For over a decade, scholars have documented forced labour among low-wage migrant workers in Gulf Cooperation Council (GCC) countries such as Qatar, the United Arab Emirates (UAE), and Saudi Arabia (Blaydes, 2023; Fernando and Lodermeier, 2022; Iskander, 2021; Parreñas, 2021). A broad understanding within this literature is that among the root causes of this phenomenon in the GCC are abuses perpetrated during workers’ recruitment from their home countries, such as extortionate fees, misinformation, and coercion. Recruitment is conducted by intermediary firms in workers’ home countries, known as ‘recruiters’ or ‘recruitment firms’. Eighty per cent of low-wage migrant workers in the GCC migrate through these channels (Mendoza, 2012).
Yet, despite the proliferation of this method, the scholarship on forced labour in the GCC contains few studies on recruitment and even fewer that include interviews with the recruiters themselves (Gardner, 2012; Kern and Müller-Böker, 2015). This gap in the literature is particularly notable since scholars of forced labour have renewed their focus on recruitment as a driver of forced labour of migrant workers globally (Crane et al., 2021; Crane and LeBaron, 2018), including as a structural feature of contemporary global capitalism (Crane and LeBaron, 2018; Mantouvalou, 2023; Shamir, 2012) and with colonial origins (Buckley et al., 2023; Iskander, 2021; Wright, 2021).
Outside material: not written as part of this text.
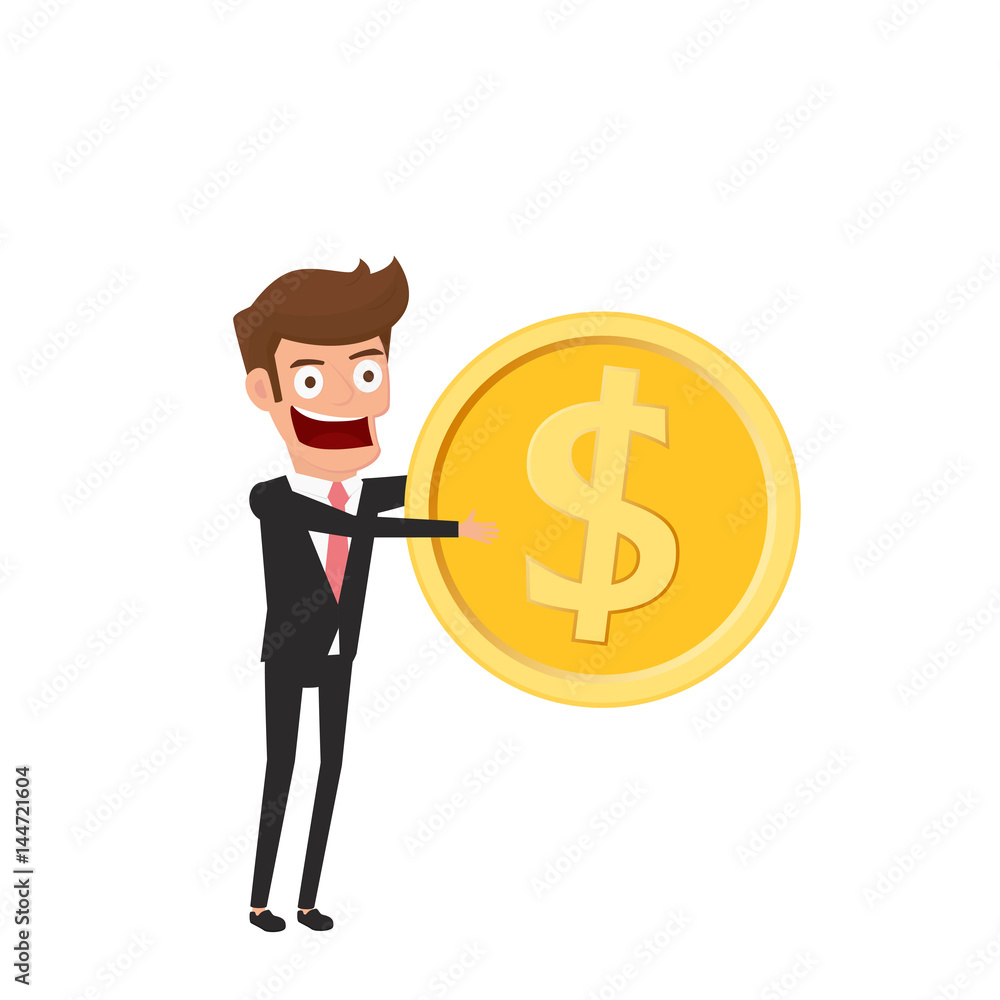 Investment and saving concept. Businessman holding gold coin. Increasing capital and profits. Wealth and savings growing Investment and saving concept. Businessman holding gold coin. Increasing capital and profits. Wealth and savings growing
Within this scholarship, a growing number of studies suggest that the recruitment of low-wage migrant workers should be understood as a ‘human supply chain’, a concept developed by Jennifer Gordon as an analogy to product global value chains (GVCs) (Gordon, 2017; Buckley et al., 2023; Farbenblum and Nolan, 2020; LeBaron, 2020; Pittman, 2018; Hernández-León, 2021; Milkman, 2020).
According to this framing, employers are seen as lead firms at the top of the human supply chain, mirroring the portrayal of lead firms at the top of product supply chains within the GVC literature (Gordon, 2017). Empirical studies have shown that many product supply chains are, in fact, lead firm- or buyer-driven – meaning that the lead firm holds the greatest bargaining power, as well as the greatest ability to influence the terms of its contracts with suppliers (Gereffi, 2018).